### Problem description
Starting with the line that contains "360° Armscaun pentru" and stopping after the line that contains "Plantenbak Olijf Groen", copy the entries below exactly. Include nothing else.

### Exercise input
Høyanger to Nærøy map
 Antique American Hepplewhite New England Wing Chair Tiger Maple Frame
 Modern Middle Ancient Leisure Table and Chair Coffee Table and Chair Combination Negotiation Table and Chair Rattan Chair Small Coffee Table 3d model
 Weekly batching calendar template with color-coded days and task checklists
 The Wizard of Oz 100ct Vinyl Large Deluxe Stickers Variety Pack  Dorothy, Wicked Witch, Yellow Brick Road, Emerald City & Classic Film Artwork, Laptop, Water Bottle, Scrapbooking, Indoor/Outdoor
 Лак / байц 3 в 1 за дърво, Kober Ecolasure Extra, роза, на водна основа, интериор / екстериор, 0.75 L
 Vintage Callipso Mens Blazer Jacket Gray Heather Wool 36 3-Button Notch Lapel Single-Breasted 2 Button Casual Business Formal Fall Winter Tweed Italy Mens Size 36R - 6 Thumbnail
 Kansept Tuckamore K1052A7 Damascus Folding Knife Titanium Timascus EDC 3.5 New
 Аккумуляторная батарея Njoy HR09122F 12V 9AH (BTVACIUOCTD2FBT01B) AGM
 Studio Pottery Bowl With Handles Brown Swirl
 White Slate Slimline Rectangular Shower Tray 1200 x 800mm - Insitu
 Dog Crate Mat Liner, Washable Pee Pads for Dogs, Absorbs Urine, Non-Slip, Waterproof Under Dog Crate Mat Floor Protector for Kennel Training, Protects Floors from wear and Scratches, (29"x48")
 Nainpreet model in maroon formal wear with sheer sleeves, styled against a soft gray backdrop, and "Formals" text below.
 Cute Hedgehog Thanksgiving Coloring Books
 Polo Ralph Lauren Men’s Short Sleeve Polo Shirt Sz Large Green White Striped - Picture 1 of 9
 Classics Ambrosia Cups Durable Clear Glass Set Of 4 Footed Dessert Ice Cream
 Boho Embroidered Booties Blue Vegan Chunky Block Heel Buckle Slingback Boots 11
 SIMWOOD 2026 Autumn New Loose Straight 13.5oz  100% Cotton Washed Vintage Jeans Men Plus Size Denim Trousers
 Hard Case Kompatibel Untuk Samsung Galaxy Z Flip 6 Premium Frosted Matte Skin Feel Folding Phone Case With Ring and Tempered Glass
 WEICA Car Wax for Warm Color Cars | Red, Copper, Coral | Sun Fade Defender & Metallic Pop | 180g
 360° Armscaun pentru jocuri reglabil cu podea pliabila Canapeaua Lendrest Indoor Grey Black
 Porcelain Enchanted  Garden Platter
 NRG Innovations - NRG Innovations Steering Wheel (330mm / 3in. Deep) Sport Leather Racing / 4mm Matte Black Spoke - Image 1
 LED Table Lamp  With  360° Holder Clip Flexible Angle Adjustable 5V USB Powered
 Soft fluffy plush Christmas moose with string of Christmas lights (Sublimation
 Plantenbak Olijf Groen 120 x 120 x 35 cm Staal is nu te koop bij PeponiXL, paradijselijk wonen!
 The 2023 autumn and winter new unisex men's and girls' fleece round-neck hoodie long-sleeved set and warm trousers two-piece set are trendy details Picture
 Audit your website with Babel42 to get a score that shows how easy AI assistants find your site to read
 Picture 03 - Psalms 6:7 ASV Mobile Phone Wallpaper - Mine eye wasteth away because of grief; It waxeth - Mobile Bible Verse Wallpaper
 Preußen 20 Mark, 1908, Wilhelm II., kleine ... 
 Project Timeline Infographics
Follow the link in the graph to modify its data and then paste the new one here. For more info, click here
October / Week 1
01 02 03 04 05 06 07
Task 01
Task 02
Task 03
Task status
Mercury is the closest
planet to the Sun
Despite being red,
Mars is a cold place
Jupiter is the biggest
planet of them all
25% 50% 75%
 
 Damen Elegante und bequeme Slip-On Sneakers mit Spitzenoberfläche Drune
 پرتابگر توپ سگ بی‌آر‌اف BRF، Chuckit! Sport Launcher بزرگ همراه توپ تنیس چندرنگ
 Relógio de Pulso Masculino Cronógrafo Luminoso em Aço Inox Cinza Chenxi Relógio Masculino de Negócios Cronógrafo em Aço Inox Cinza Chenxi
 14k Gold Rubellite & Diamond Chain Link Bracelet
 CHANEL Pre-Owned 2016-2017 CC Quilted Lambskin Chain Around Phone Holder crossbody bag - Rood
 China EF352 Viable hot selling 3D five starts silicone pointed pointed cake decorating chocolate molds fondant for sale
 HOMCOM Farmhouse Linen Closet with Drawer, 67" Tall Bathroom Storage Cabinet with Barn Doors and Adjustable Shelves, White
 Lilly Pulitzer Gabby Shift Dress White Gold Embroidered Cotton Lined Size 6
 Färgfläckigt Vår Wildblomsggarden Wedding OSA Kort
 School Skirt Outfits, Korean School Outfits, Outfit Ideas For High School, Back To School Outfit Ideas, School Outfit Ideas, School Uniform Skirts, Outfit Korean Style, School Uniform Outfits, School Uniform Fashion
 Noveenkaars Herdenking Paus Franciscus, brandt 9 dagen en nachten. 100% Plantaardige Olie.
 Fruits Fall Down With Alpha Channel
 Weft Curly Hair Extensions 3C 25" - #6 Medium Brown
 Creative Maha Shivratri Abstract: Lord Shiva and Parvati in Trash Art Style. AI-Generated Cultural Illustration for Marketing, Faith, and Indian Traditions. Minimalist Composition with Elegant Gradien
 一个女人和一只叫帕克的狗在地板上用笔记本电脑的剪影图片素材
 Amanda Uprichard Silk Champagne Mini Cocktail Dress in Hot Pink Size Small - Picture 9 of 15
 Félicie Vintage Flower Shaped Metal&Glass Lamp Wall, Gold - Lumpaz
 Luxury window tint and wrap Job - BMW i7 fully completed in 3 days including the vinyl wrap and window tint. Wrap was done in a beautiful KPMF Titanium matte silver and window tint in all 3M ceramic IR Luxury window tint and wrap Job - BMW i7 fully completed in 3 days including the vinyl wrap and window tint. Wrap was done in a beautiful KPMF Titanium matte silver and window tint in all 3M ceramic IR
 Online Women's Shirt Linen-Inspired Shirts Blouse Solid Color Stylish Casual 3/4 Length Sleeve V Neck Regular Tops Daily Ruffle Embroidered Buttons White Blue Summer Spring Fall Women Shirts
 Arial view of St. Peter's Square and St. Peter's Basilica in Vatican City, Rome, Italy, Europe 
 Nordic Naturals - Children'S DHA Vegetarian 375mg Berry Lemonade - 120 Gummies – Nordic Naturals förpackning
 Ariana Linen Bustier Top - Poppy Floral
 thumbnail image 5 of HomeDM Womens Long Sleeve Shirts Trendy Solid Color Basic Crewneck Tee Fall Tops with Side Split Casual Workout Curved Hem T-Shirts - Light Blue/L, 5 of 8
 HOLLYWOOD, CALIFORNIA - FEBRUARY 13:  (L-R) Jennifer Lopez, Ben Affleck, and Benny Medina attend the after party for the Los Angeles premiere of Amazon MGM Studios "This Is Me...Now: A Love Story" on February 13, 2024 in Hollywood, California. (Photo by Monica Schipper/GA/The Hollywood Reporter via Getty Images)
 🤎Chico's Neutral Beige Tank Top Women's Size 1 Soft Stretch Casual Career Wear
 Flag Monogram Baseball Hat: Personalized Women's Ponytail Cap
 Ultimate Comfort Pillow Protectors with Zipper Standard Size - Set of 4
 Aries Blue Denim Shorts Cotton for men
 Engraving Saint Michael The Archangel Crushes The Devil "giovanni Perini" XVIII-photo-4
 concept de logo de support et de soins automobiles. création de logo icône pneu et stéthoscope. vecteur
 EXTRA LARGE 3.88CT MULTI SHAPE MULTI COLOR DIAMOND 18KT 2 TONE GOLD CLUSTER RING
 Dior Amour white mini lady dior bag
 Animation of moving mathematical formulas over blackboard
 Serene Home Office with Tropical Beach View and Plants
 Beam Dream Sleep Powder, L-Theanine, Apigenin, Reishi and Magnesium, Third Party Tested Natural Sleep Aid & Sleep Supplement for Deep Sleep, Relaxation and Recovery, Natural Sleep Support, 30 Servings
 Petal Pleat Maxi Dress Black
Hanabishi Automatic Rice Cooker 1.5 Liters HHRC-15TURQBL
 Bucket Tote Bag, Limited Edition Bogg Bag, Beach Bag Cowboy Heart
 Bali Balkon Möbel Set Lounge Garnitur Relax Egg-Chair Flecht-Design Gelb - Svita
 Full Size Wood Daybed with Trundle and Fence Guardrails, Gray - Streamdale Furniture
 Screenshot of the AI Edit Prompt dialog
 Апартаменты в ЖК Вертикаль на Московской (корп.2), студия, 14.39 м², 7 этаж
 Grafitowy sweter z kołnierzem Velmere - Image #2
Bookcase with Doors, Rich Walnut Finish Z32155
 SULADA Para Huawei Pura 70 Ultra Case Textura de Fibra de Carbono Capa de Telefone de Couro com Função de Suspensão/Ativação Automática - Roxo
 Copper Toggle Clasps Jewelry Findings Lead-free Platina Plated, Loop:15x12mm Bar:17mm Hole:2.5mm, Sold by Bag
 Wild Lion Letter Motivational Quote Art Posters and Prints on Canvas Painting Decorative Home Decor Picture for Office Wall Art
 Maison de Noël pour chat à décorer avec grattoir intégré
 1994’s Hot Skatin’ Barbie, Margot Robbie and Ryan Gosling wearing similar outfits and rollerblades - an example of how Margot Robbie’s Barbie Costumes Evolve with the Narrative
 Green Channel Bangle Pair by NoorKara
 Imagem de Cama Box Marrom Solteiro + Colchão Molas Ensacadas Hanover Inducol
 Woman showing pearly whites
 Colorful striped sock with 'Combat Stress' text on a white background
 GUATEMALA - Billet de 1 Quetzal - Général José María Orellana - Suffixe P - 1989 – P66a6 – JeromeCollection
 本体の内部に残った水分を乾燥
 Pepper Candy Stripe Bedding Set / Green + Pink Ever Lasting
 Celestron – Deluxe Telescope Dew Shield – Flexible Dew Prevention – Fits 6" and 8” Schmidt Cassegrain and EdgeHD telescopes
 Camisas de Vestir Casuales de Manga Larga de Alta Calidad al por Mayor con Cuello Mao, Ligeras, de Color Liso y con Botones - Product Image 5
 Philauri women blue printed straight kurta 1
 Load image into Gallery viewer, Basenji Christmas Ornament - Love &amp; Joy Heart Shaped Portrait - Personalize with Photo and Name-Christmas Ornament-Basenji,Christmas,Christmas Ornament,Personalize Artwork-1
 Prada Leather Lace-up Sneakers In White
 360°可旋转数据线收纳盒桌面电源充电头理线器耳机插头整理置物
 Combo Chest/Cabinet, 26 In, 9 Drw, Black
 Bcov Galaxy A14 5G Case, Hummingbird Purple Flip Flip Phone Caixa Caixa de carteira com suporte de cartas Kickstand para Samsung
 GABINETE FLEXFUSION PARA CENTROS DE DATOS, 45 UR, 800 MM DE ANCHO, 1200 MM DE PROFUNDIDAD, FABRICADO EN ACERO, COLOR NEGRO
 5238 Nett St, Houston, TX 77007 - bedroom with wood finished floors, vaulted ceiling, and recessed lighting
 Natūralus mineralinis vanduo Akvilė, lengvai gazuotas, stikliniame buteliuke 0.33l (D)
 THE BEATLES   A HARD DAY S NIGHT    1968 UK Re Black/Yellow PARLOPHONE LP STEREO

### Expected answer
 360° Armscaun pentru jocuri reglabil cu podea pliabila Canapeaua Lendrest Indoor Grey Black
 Porcelain Enchanted  Garden Platter
 NRG Innovations - NRG Innovations Steering Wheel (330mm / 3in. Deep) Sport Leather Racing / 4mm Matte Black Spoke - Image 1
 LED Table Lamp  With  360° Holder Clip Flexible Angle Adjustable 5V USB Powered
 Soft fluffy plush Christmas moose with string of Christmas lights (Sublimation
 Plantenbak Olijf Groen 120 x 120 x 35 cm Staal is nu te koop bij PeponiXL, paradijselijk wonen!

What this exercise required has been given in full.